I didn't see him during the match, so I don't know whether he joined in with the bulk of the Scotland fans, whose current favourite anthem, for some extremely curious reason, is "Doh a deer". Rod Stewart sings Rodgers and Hammerstein - it's an album waiting to happen. It would certainly be no less improbable than several thousand hard-looking Scots in see- you-Jimmy wigs bringing The Sound of Music to Wembley. And not only Wembley. I am told there was no sight more bizarre on the road to Euro 2000 than that of 10 elderly, drunken Glaswegians, with only five or six teeth between them, jigging up and down in a cafe in Prague's Wenceslas Square lustily singing "Doh a deer, a female deer ... ray, a drop of golden sunnnn..."
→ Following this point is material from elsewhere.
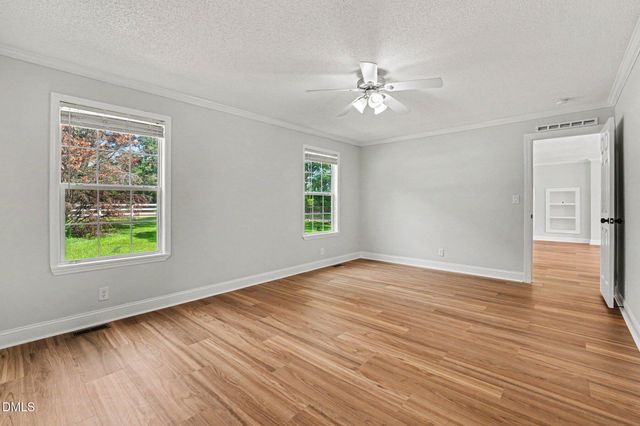 694 John Lee Road, Dunn, NC 28334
Still, if Chelsea fans can make "One man went to mow" sound threatening, and if England fans can spend 90 minutes humming the theme tune of The Great Escape, then anything can happen. And when I say anything... I would never, for instance, have backed myself to favour Scotland over England in a sporting encounter, but as full-time approached last week I found myself silently urging the Scots to score the equaliser they so richly deserved. If only because it would have compelled England to find the lustre they so pitifully lacked.

Afterwards, the throng leaving Wembley was decidedly unmerry. For the Scottish fans, a marvellous 1-0 victory over the Auld Enemy was tempered by the knowledge that 1-0 wasn't quite enough. For the English fans, delight at qualifying for Euro 2000 was tempered by the realisation that, on that kind of form, we'll be lucky to stay in the tournament much beyond the opening ceremony. True, Kevin Keegan had finally got England ticking like one of his old teams, but it was Liverpool, Hamburg or Newcastle United we had hoped for, not Scunthorpe reserves.

As I shuffled forward in a vast throng shepherded by dozens of mounted police officers, I saw a man bent double and swearing profusely. He was a Scotsman, but it wasn't English jamminess that was irking him, more the fact that he had just walked into one of the low iron bollards that pockmark Wembley Way. In a big crowd you don't see them until they have all but castrated you. I know, because it happened to me after an FA Cup final once.

So when they finally get round to knocking down the venerable stadium, I hope they will also melt down the bollards outside. That said, it was appropriate to find them still in place for England's farewell competitive performance in the shadow of the condemned Twin Towers. A load of annoying old bollards summed it up nicely.